[Opening Information provided section]

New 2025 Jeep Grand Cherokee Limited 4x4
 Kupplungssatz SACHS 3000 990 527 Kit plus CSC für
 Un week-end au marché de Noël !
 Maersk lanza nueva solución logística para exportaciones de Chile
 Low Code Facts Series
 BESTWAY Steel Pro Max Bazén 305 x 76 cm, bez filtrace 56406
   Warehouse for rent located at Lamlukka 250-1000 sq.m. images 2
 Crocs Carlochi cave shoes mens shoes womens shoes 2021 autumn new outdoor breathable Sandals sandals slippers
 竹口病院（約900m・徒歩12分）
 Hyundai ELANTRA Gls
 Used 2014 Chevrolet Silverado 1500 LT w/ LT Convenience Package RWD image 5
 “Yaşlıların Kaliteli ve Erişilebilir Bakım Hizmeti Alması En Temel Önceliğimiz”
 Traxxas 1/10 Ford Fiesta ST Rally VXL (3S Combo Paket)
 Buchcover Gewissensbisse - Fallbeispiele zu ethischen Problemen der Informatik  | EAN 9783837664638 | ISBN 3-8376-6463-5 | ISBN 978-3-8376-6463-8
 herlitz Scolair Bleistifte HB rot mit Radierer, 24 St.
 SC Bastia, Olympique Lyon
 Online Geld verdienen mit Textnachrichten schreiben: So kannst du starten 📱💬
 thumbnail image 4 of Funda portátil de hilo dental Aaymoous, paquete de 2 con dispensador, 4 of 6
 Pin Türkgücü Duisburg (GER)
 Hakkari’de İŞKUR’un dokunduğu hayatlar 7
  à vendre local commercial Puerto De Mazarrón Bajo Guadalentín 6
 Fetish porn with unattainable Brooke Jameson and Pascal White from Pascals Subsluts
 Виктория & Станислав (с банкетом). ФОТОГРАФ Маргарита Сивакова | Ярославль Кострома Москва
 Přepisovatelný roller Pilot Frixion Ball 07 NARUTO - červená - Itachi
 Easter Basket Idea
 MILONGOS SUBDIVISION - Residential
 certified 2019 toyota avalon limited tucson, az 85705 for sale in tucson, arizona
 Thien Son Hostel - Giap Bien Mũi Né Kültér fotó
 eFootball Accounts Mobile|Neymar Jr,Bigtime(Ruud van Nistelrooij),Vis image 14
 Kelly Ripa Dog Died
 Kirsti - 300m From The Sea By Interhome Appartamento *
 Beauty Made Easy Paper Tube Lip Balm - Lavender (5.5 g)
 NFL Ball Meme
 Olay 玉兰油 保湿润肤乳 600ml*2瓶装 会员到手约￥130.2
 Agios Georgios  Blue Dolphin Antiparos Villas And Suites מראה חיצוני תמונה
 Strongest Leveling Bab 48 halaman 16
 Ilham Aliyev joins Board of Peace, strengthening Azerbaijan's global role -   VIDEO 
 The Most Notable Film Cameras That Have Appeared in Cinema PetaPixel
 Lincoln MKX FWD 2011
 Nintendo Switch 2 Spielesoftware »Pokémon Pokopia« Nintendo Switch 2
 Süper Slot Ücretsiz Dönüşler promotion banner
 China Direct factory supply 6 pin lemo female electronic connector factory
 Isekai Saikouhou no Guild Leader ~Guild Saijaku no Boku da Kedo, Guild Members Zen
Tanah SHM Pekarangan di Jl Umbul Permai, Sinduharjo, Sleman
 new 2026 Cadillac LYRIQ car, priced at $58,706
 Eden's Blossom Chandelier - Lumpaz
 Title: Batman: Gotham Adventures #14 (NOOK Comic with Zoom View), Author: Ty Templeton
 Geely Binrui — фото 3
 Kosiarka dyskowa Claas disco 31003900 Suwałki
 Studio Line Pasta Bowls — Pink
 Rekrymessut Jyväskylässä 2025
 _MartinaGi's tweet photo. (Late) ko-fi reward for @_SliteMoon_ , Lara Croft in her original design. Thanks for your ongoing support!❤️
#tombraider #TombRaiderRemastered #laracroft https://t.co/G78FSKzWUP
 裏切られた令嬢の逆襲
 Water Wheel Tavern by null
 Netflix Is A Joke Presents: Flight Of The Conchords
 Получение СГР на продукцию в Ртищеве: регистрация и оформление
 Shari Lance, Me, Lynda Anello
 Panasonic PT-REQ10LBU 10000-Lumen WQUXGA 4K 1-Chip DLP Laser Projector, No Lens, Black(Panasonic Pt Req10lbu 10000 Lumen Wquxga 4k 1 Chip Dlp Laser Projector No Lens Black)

[Closing Information provided section]

Brief: An exact copy of all the records is what is needed here.

Solution to this exercise:
New 2025 Jeep Grand Cherokee Limited 4x4
 Kupplungssatz SACHS 3000 990 527 Kit plus CSC für
 Un week-end au marché de Noël !
 Maersk lanza nueva solución logística para exportaciones de Chile
 Low Code Facts Series
 BESTWAY Steel Pro Max Bazén 305 x 76 cm, bez filtrace 56406
   Warehouse for rent located at Lamlukka 250-1000 sq.m. images 2
 Crocs Carlochi cave shoes mens shoes womens shoes 2021 autumn new outdoor breathable Sandals sandals slippers
 竹口病院（約900m・徒歩12分）
 Hyundai ELANTRA Gls
 Used 2014 Chevrolet Silverado 1500 LT w/ LT Convenience Package RWD image 5
 “Yaşlıların Kaliteli ve Erişilebilir Bakım Hizmeti Alması En Temel Önceliğimiz”
 Traxxas 1/10 Ford Fiesta ST Rally VXL (3S Combo Paket)
 Buchcover Gewissensbisse - Fallbeispiele zu ethischen Problemen der Informatik  | EAN 9783837664638 | ISBN 3-8376-6463-5 | ISBN 978-3-8376-6463-8
 herlitz Scolair Bleistifte HB rot mit Radierer, 24 St.
 SC Bastia, Olympique Lyon
 Online Geld verdienen mit Textnachrichten schreiben: So kannst du starten 📱💬
 thumbnail image 4 of Funda portátil de hilo dental Aaymoous, paquete de 2 con dispensador, 4 of 6
 Pin Türkgücü Duisburg (GER)
 Hakkari’de İŞKUR’un dokunduğu hayatlar 7
  à vendre local commercial Puerto De Mazarrón Bajo Guadalentín 6
 Fetish porn with unattainable Brooke Jameson and Pascal White from Pascals Subsluts
 Виктория & Станислав (с банкетом). ФОТОГРАФ Маргарита Сивакова | Ярославль Кострома Москва
 Přepisovatelný roller Pilot Frixion Ball 07 NARUTO - červená - Itachi
 Easter Basket Idea
 MILONGOS SUBDIVISION - Residential
 certified 2019 toyota avalon limited tucson, az 85705 for sale in tucson, arizona
 Thien Son Hostel - Giap Bien Mũi Né Kültér fotó
 eFootball Accounts Mobile|Neymar Jr,Bigtime(Ruud van Nistelrooij),Vis image 14
 Kelly Ripa Dog Died
 Kirsti - 300m From The Sea By Interhome Appartamento *
 Beauty Made Easy Paper Tube Lip Balm - Lavender (5.5 g)
 NFL Ball Meme
 Olay 玉兰油 保湿润肤乳 600ml*2瓶装 会员到手约￥130.2
 Agios Georgios  Blue Dolphin Antiparos Villas And Suites מראה חיצוני תמונה
 Strongest Leveling Bab 48 halaman 16
 Ilham Aliyev joins Board of Peace, strengthening Azerbaijan's global role -   VIDEO 
 The Most Notable Film Cameras That Have Appeared in Cinema PetaPixel
 Lincoln MKX FWD 2011
 Nintendo Switch 2 Spielesoftware »Pokémon Pokopia« Nintendo Switch 2
 Süper Slot Ücretsiz Dönüşler promotion banner
 China Direct factory supply 6 pin lemo female electronic connector factory
 Isekai Saikouhou no Guild Leader ~Guild Saijaku no Boku da Kedo, Guild Members Zen
Tanah SHM Pekarangan di Jl Umbul Permai, Sinduharjo, Sleman
 new 2026 Cadillac LYRIQ car, priced at $58,706
 Eden's Blossom Chandelier - Lumpaz
 Title: Batman: Gotham Adventures #14 (NOOK Comic with Zoom View), Author: Ty Templeton
 Geely Binrui — фото 3
 Kosiarka dyskowa Claas disco 31003900 Suwałki
 Studio Line Pasta Bowls — Pink
 Rekrymessut Jyväskylässä 2025
 _MartinaGi's tweet photo. (Late) ko-fi reward for @_SliteMoon_ , Lara Croft in her original design. Thanks for your ongoing support!❤️
#tombraider #TombRaiderRemastered #laracroft https://t.co/G78FSKzWUP
 裏切られた令嬢の逆襲
 Water Wheel Tavern by null
 Netflix Is A Joke Presents: Flight Of The Conchords
 Получение СГР на продукцию в Ртищеве: регистрация и оформление
 Shari Lance, Me, Lynda Anello
 Panasonic PT-REQ10LBU 10000-Lumen WQUXGA 4K 1-Chip DLP Laser Projector, No Lens, Black(Panasonic Pt Req10lbu 10000 Lumen Wquxga 4k 1 Chip Dlp Laser Projector No Lens Black)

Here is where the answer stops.